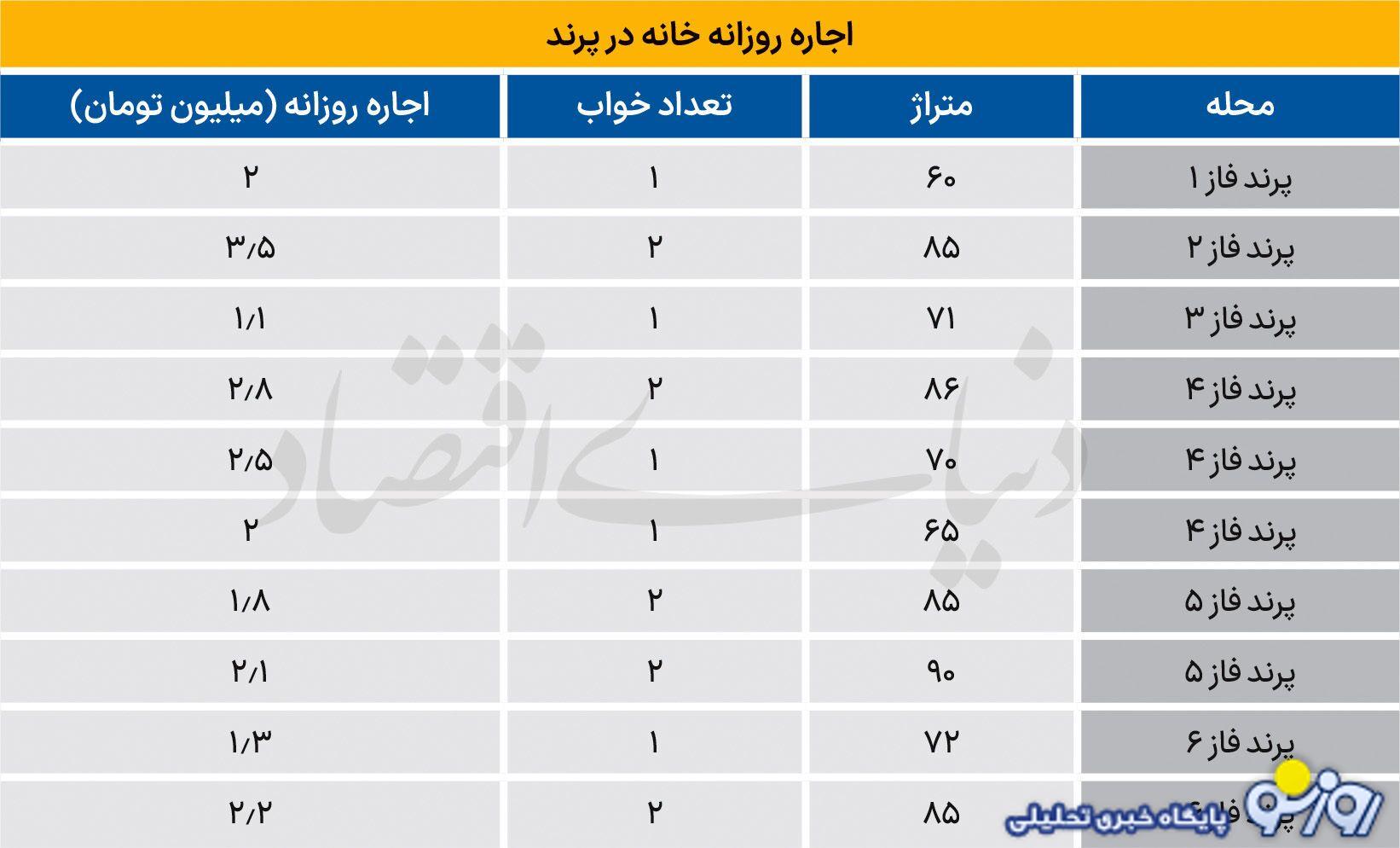 اجاره روزانه خانه مبله به نام پناهگاه در اطراف تهران ! اجاره روزانه خانه مبله به نام پناهگاه در اطراف تهران !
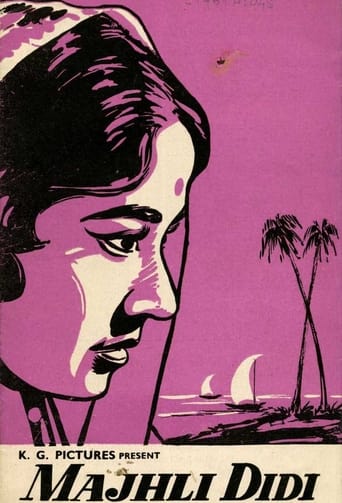 Poster of Majhli Didi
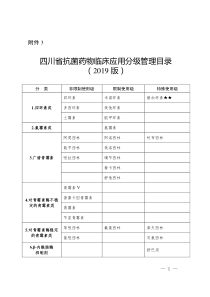 四川省抗菌药物分级管理目录(2019年版)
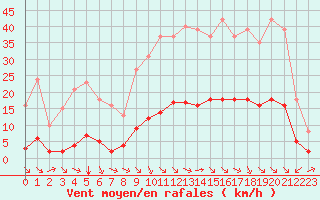 Courbe de la force du vent pour Millau (12)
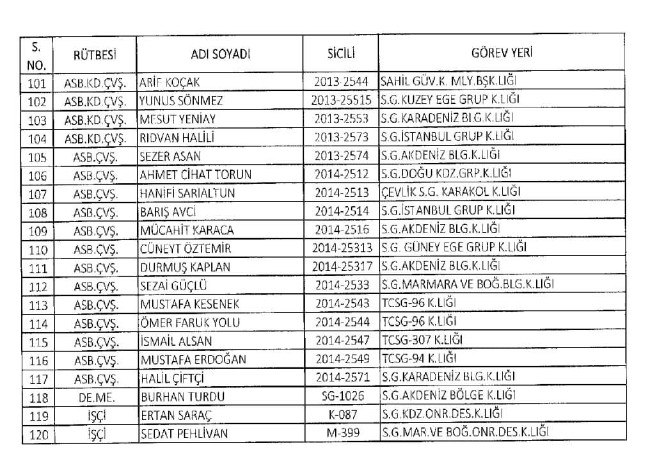 689 nolu KHK ile ihraç edilenlerin tam listesi | 29 Nisan 2017 134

----

▶ _The task_
A faithful copy of all the lines above is needed, with the pictures omitted.

▶ _Answer box_
 اجاره روزانه خانه مبله به نام پناهگاه در اطراف تهران ! اجاره روزانه خانه مبله به نام پناهگاه در اطراف تهران !
 Poster of Majhli Didi
 四川省抗菌药物分级管理目录(2019年版)
 Courbe de la force du vent pour Millau (12)
 689 nolu KHK ile ihraç edilenlerin tam listesi | 29 Nisan 2017 134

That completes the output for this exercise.